### Prompt
Pictures aside, print all of the data below exactly as written.

### Source data
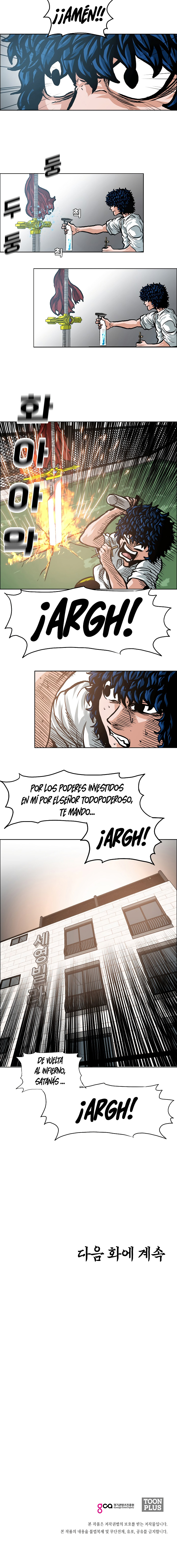 Maestro de la espada Capítulo 5 página 13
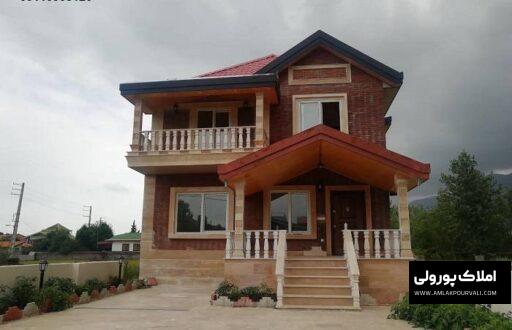 خرید ویلا ارزان انارور نوشهر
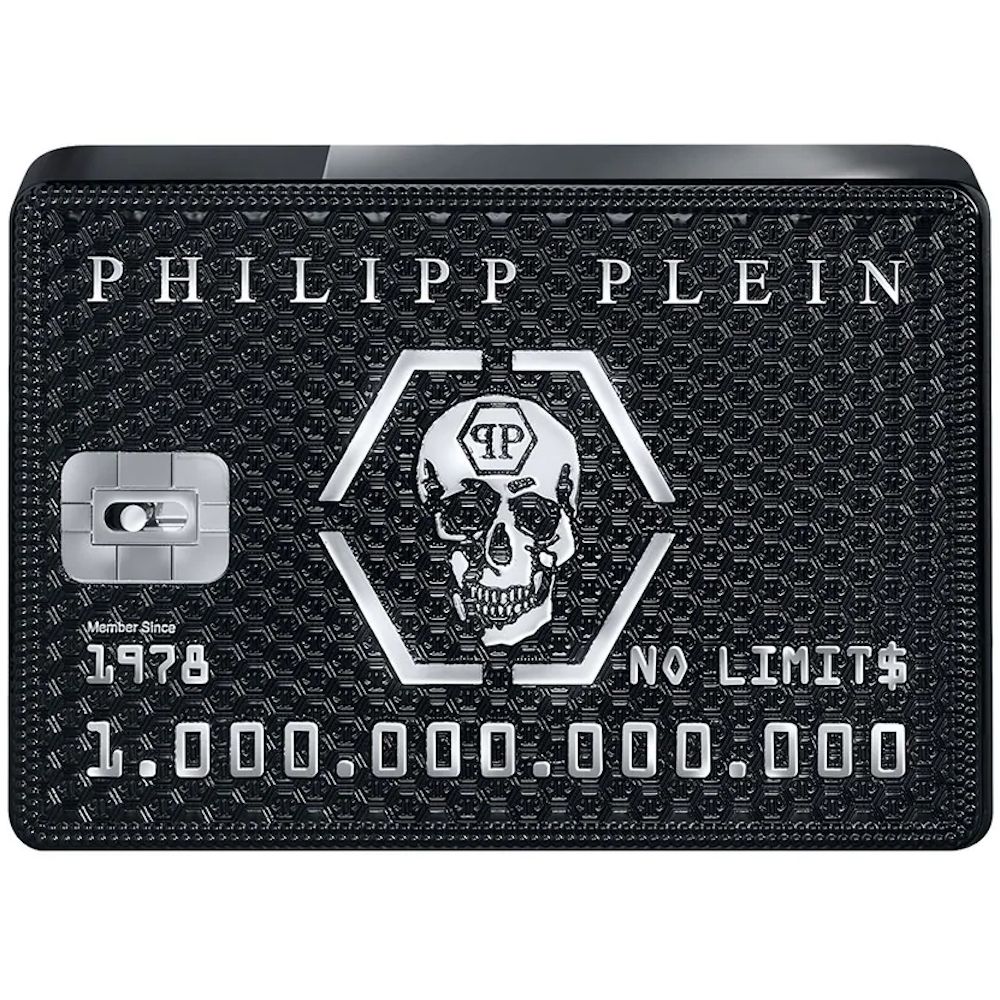 Philipp Plein No Limits Parfumuotas vanduo - testeris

### Result of this task
 Maestro de la espada Capítulo 5 página 13
 خرید ویلا ارزان انارور نوشهر
 Philipp Plein No Limits Parfumuotas vanduo - testeris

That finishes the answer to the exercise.